Google Data Studio is a basic, yet functional report building and dashboard service for when you don’t need or want the power of something like RStudio Shiny, Power BI or Tableau. It has many data connectors and is tightly integrated into Google’s authentication ecosystem. I recently used it to build a simple yet effective business intelligence dashboard report for a client that saved them significant annual spend on a content analytics service.
Underlying report data comes from a Google Sheet updated nightly with data from a Go program I wrote using Google’s Admin SDK API for Google Drive activity reporting. I massage that data in R after extracting it with the Go program and before pushing it to Google Sheets using the extremely useful googlesheets package. The Google Data Studio report I designed and built does the rest and satisfies the client’s basic needs for analytics on their content stored on Google Drive and served on their Google site.
There are several parts to this overall solution and it took a while to fully complete mostly because it was my first time writing a program in the Go language. This is just the R script that cleans the data and appends it to the Google Sheet.
library(dplyr)
library(stringr)
library(googlesheets)
setwd("c:/Projects/Go/")
# Read in the nightly file produced by the Go program that extracts
# one day of Drive activity
gDriveLogData <- read.csv("C:/Projects/Go/gDriveLogData.csv", header=FALSE, sep=","
,stringsAsFactors=FALSE)
names(gDriveLogData) <- c("DateTime","Actor","Action","Document")
# Trim leading and trailing spaces from the Drive filenames
gDriveLogData <- apply(gDriveLogData,2,str_trim)
gDriveLogData <- as.data.frame(gDriveLogData, stringsAsFactors = FALSE)
# Convert the time stamp to a date / time class and change time zone from UTC to PST
gDriveLogData$DateTime <- as.POSIXct(gDriveLogData$DateTime,
"%Y-%m-%dT%H:%M:%S", tz="UTC")
attr(gDriveLogData$DateTime, "tzone") <- "America/Los_Angeles"
# Get unique entries with hours minutes seconds - deduplicate
gDriveLogData <- unique(gDriveLogData)
# Trim hours minutes seconds
gDriveLogData$DateTime <- strptime(gDriveLogData$DateTime, "%Y-%m-%d")
gDriveLogData$DateTime <- as.POSIXct(gDriveLogData$DateTime)
# Filter out all other Google Drive events except views and downloads for the report
target <- c("view", "preview", "download")
gDriveLogData <- filter(gDriveLogData, Action %in% target)
# Write output for recordkeeping
write.csv(gDriveLogData, "gDriveLogDataSiteUpdate.csv", row.names = FALSE)
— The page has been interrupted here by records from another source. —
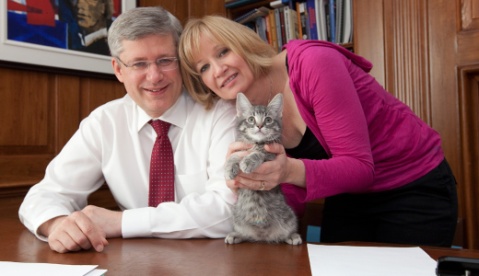 Gia đình Cựu Thủ tướng Stephen Harper nổi tiếng yêu mèo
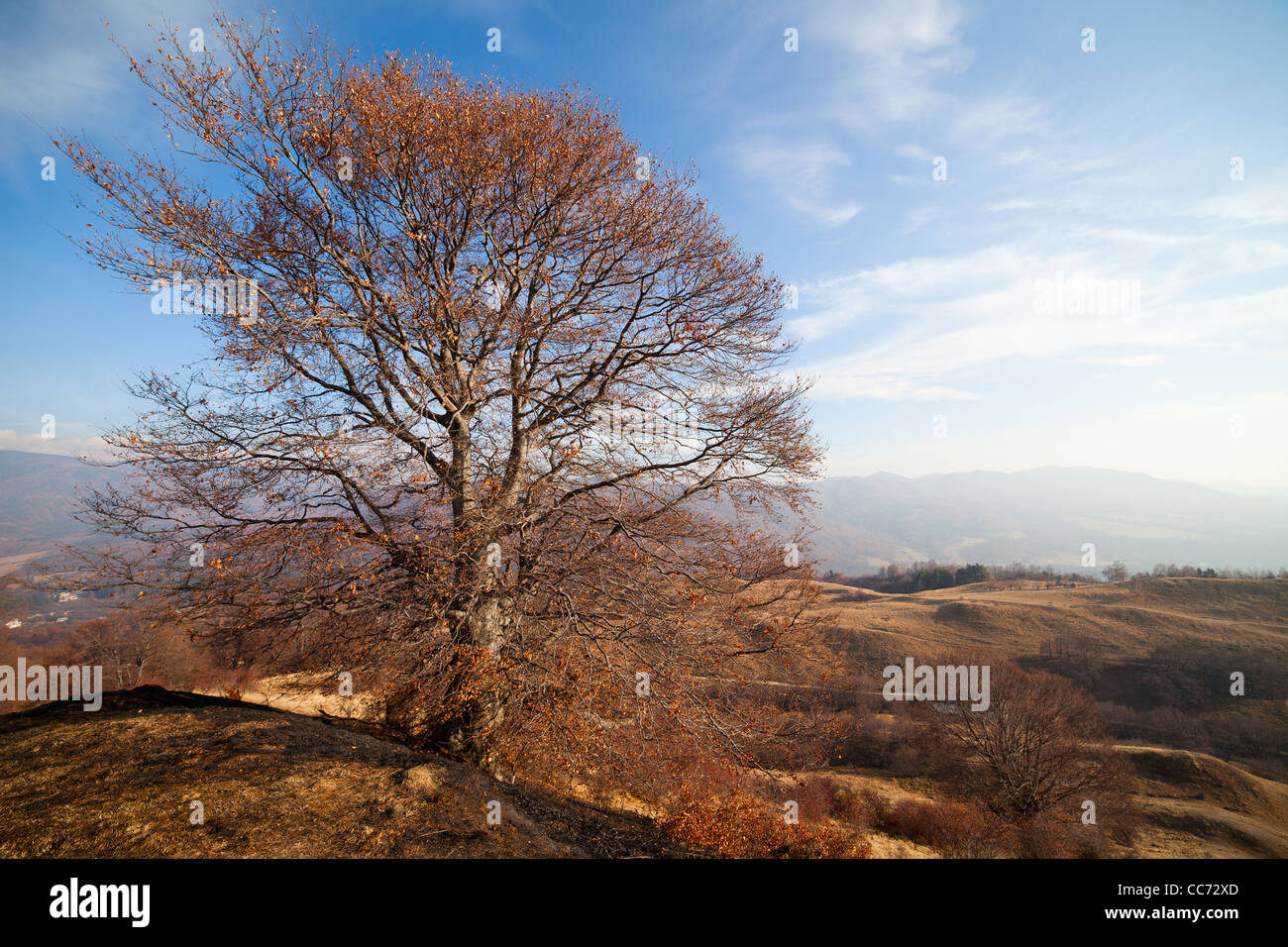 Autumnal landscape with a big beech tree and blue sky Stock Photo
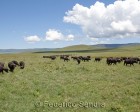 tanzanie_safari_ngorongoro_238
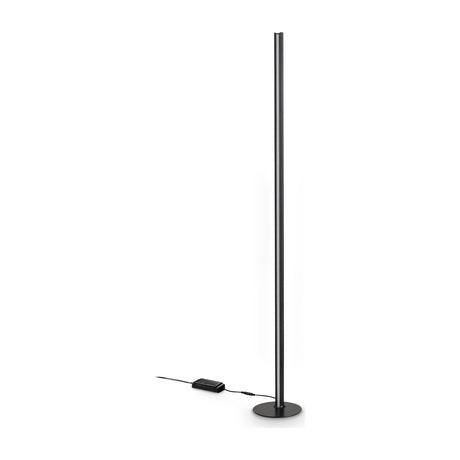 Dorica Floor Lamp - Black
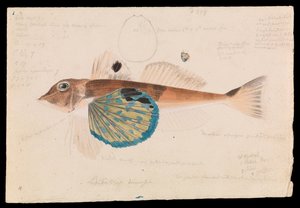 Schmetterlings-Gurnard, Lepidotrigla vanessa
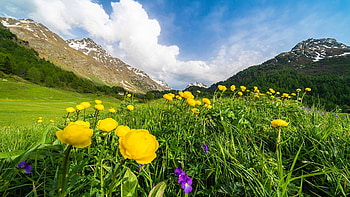 Blooming Fields Of Yellow Buttercup, Maloja Pass, Switzerland, blossoms, wildflowers, clouds, landscape, sky, mountains, alps HD wallpaper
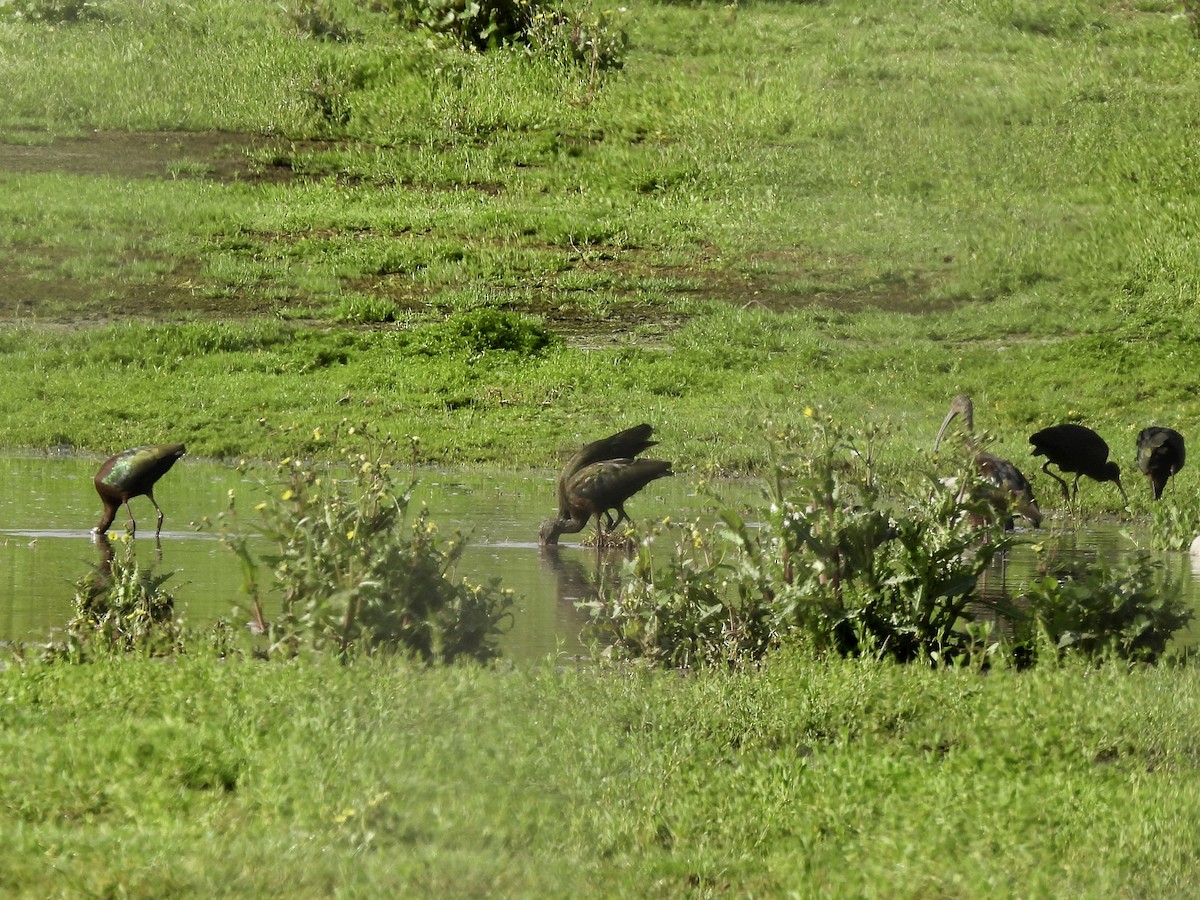 White-faced Ibis - ML547180101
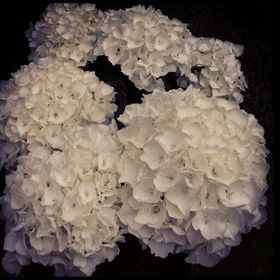 Profile Picture of Lucy Pope (@lucypope84) on Pinterest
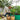 Man harvesting tomatoes from a green galvanized raised garden bed, with baskets of produce nearby.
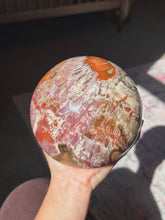 Load image into Gallery viewer, XL Petrified wood sphere
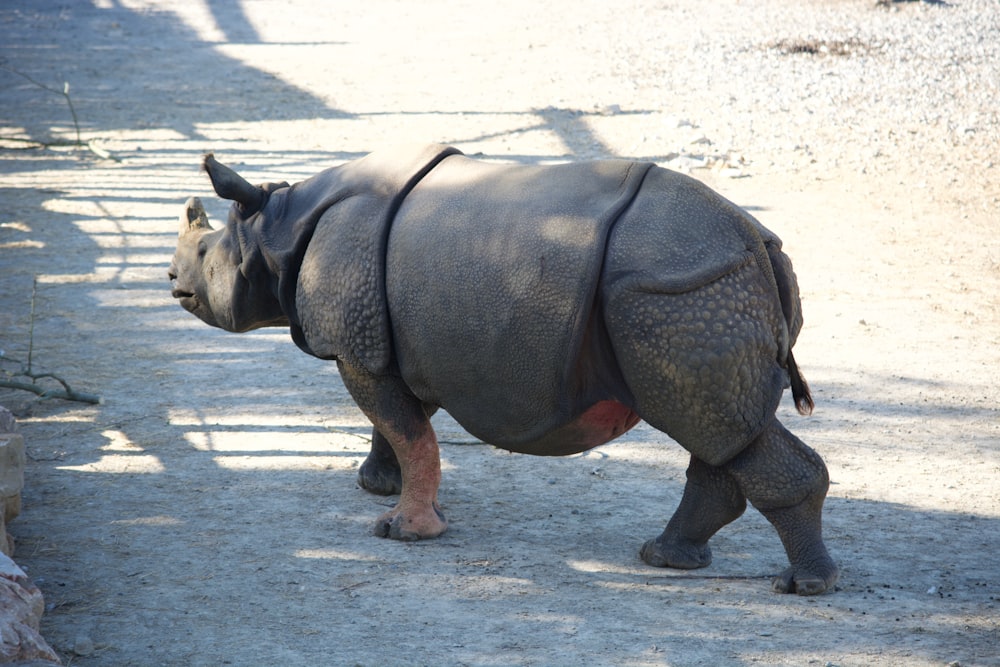 a rhinoceros walking down a dirt road next to a tree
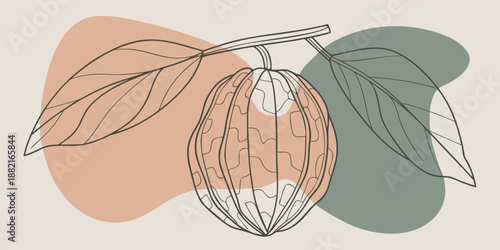 Cacao Illustration, Line Art. Line Drawing. only cacao vintage. not open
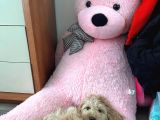 Maltipoo Kızımıza Ömürlük Yuva Arıyoruz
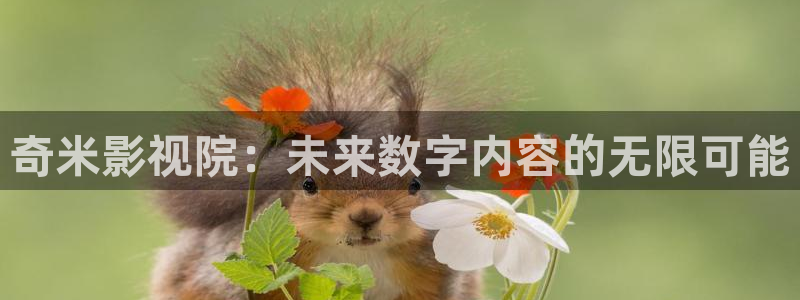 成都水蜜桃：奇米影视院：未来数字内容的无限可能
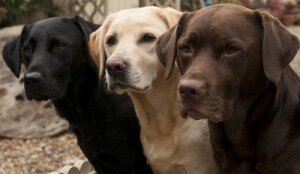 Black white and brown Labradors in a row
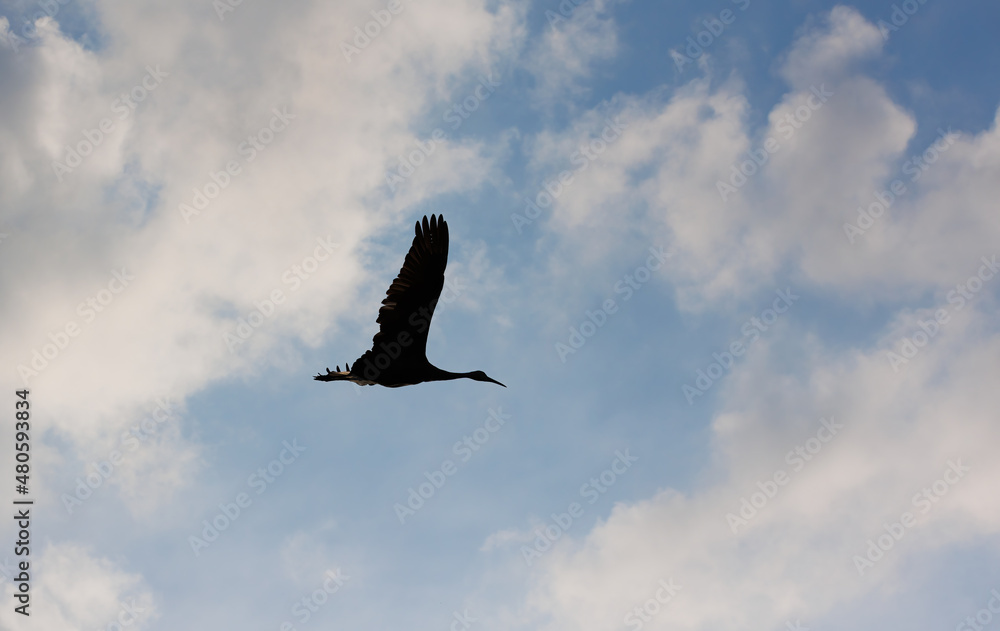 Fototapeta premium Sandhill cranes in flight for migration 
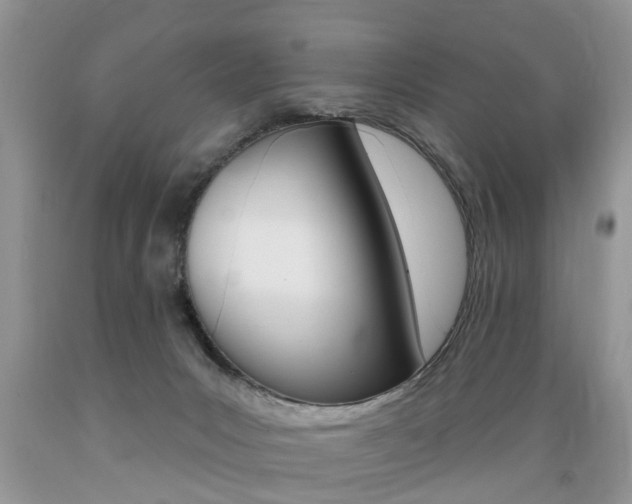 X0000089660031200706210740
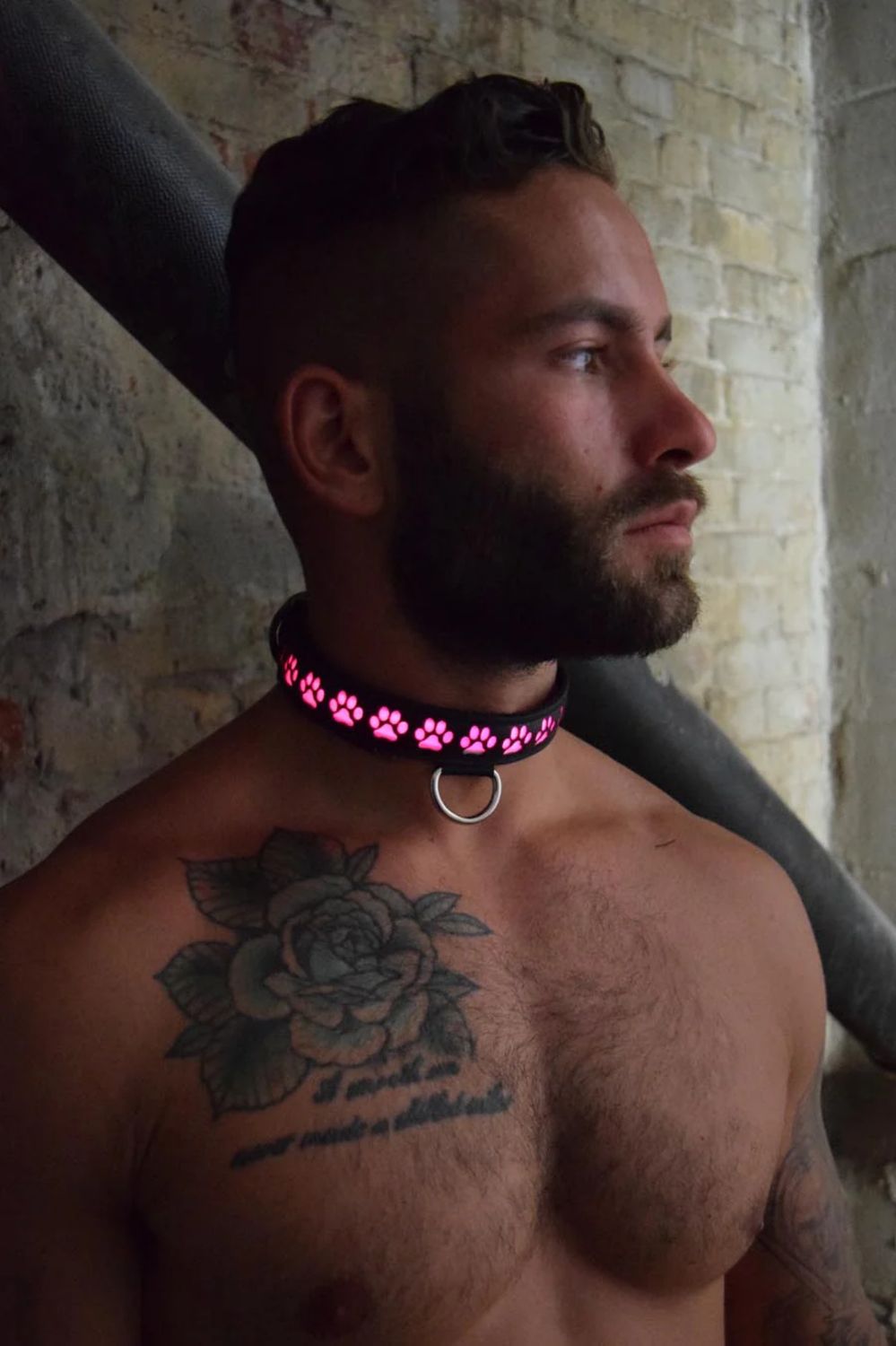 BW01826 Glow Pup Collar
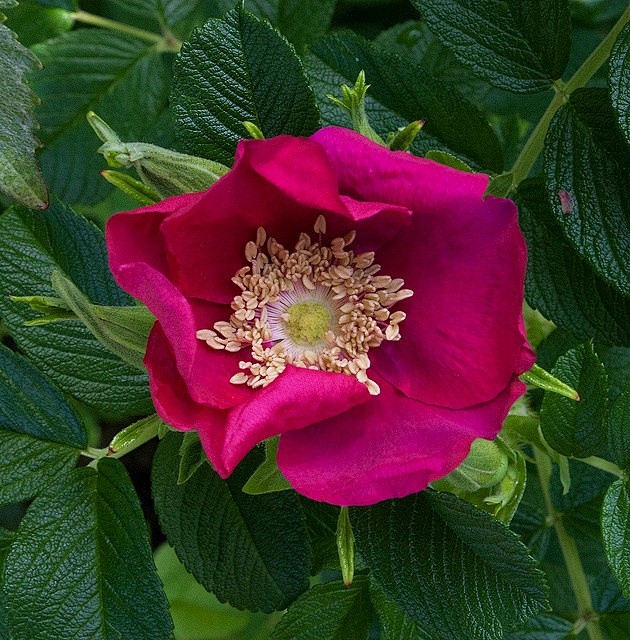 Rosa Rugosa Rubra by Carolyn Parker, via Flic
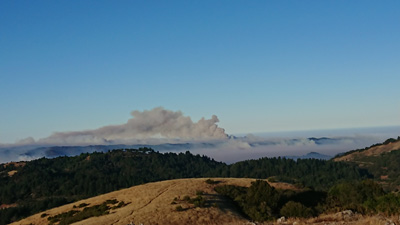 Aug 20th: Wildfires from Black Mountain, Pandemic March-November, California 2020: Pandemic & More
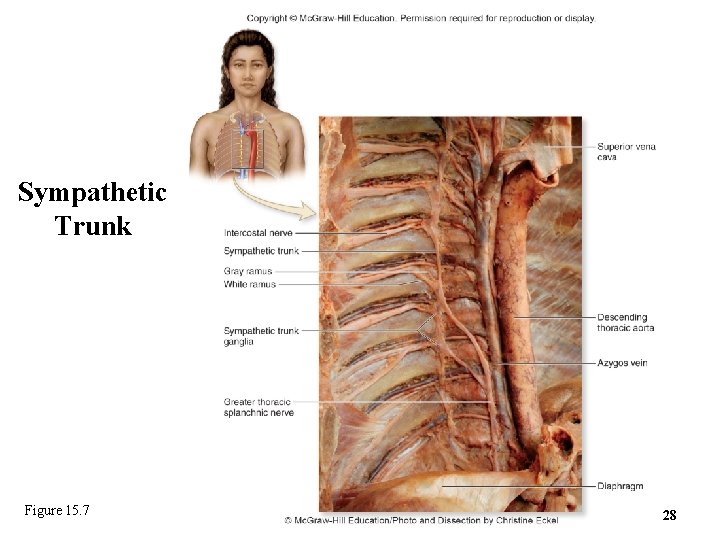 Sympathetic Trunk Figure 15. 7 28 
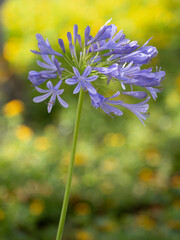 Close Up of a Blooming Lavender Lily of the Nile or African Lily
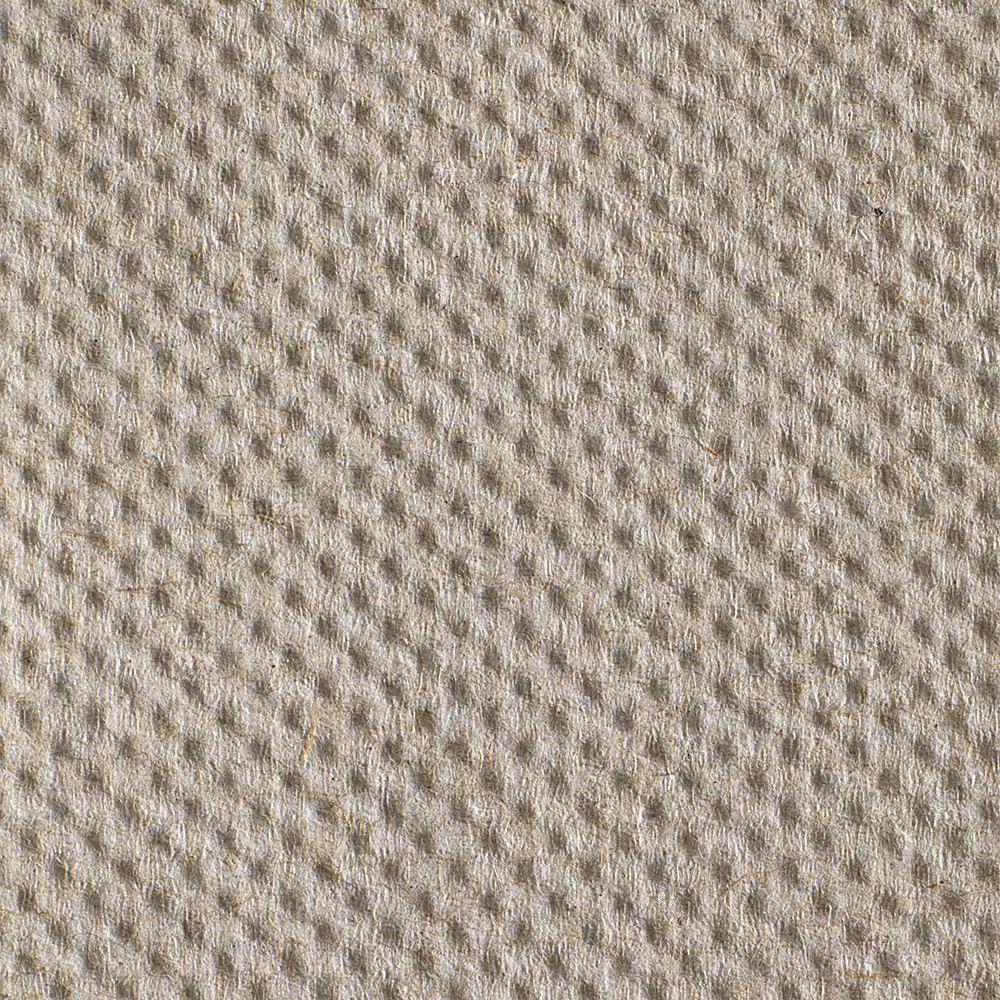 Georgia Pacific Pacific Blue Basic Recycled Hardwound Paper Towel Roll (Previously Envision), Brown - 26301
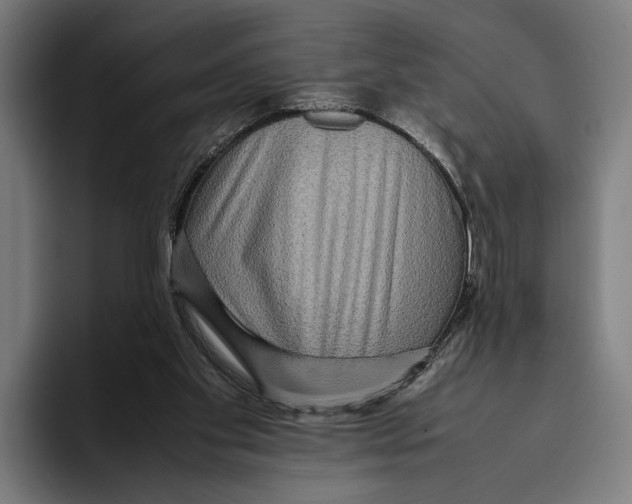 X0000093370109200711081533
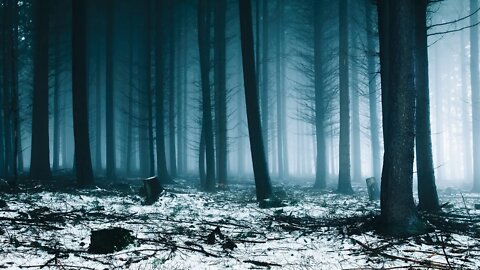 Spooky Instrumental Winter Music – Bleak Winter Forest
# Rename the file from the nightly Go program output that we read in at the start
# in case the GO job fails - we won't create duplicate entries in the Google sheet
file.rename("gDriveLogData.csv","last_gDriveLogData.csv")
# Google Sheet update (assumes the gs_auth steps already completed)
gDriveLogDataAppend <- gs_key("<target Google Sheet GUID")
gs_add_row(gDriveLogDataAppend, ws = 1, input = gDriveLogData, verbose = FALSE)